Records from a collection
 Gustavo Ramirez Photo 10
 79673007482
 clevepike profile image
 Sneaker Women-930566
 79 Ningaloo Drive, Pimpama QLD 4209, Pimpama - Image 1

YOUR TASK: Set down, word for word, every line from the line that holds "clevepike profile image" to the end of the entries above, including both ends.

SOLUTION:
 clevepike profile image
 Sneaker Women-930566
 79 Ningaloo Drive, Pimpama QLD 4209, Pimpama - Image 1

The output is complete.